Friday Recommends

I've told you about the super photographs on Leslie R. Lee's blog. Now go look at the ones on Mindy's blog. She does some kind of crazy filtering or something on a lot of them. I can't tell what it is about them that's so hinky, but they're the only photographs that look EXACTLY  the way things look when I'm steering close to suicidal ideation and I counter it by concentrating on the deep beauty of ordinary things. They're amazing, her photos.

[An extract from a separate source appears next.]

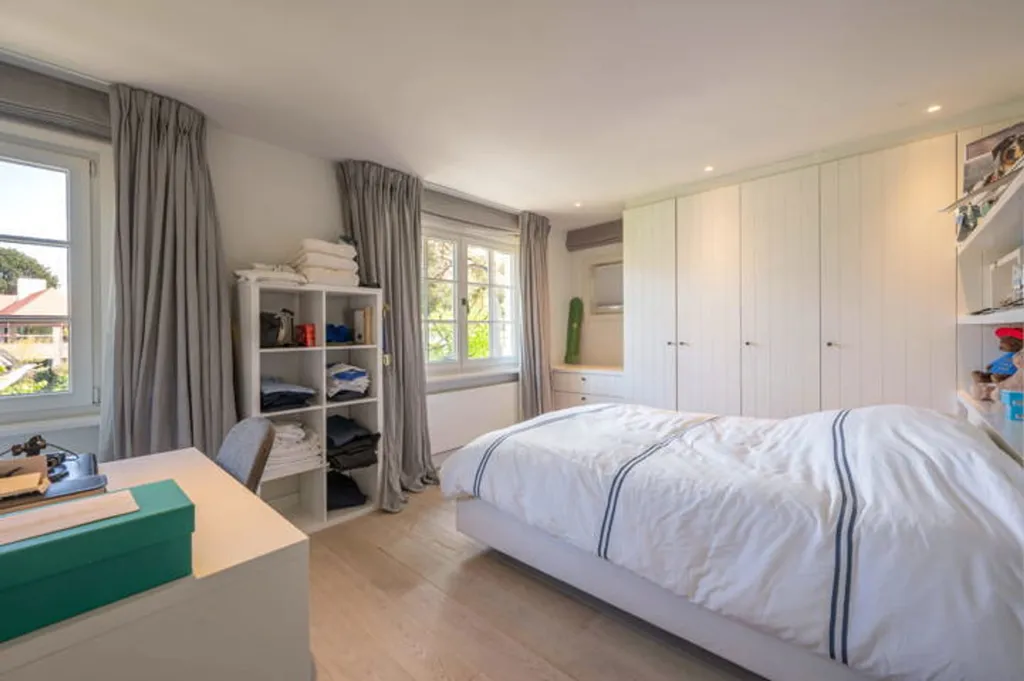 Bedrooms - Villa with Pool in Knokke The Zoute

If you have a Kindle or other ereader, or are thinking about getting one, or have Kindle for PC/whatever, or have books available as eBooks, I recommend cruising over to Kindleboards. I think you can read all you want without registering. Information overload at first, but it isn't as if poking around is going to disturb a rattlesnake or release a vindictive genie from a bottle. –Okay, I've been involved online long enough to know there are rattlesnakes and vindictive genies everywhere, but what I'm saying is that it probably won't hurt you very much to go take a look, okay?


While I'm on the subject of eBooks, Dark Valentine Magazine just posted the good news that TEA WITH THE BLACK DRAGON, one of my favorite books, is available for Kindle. It's a unique fantasy and a "mature love story", meaning that the heroine is a lady of a certain age and the hero is … older than that.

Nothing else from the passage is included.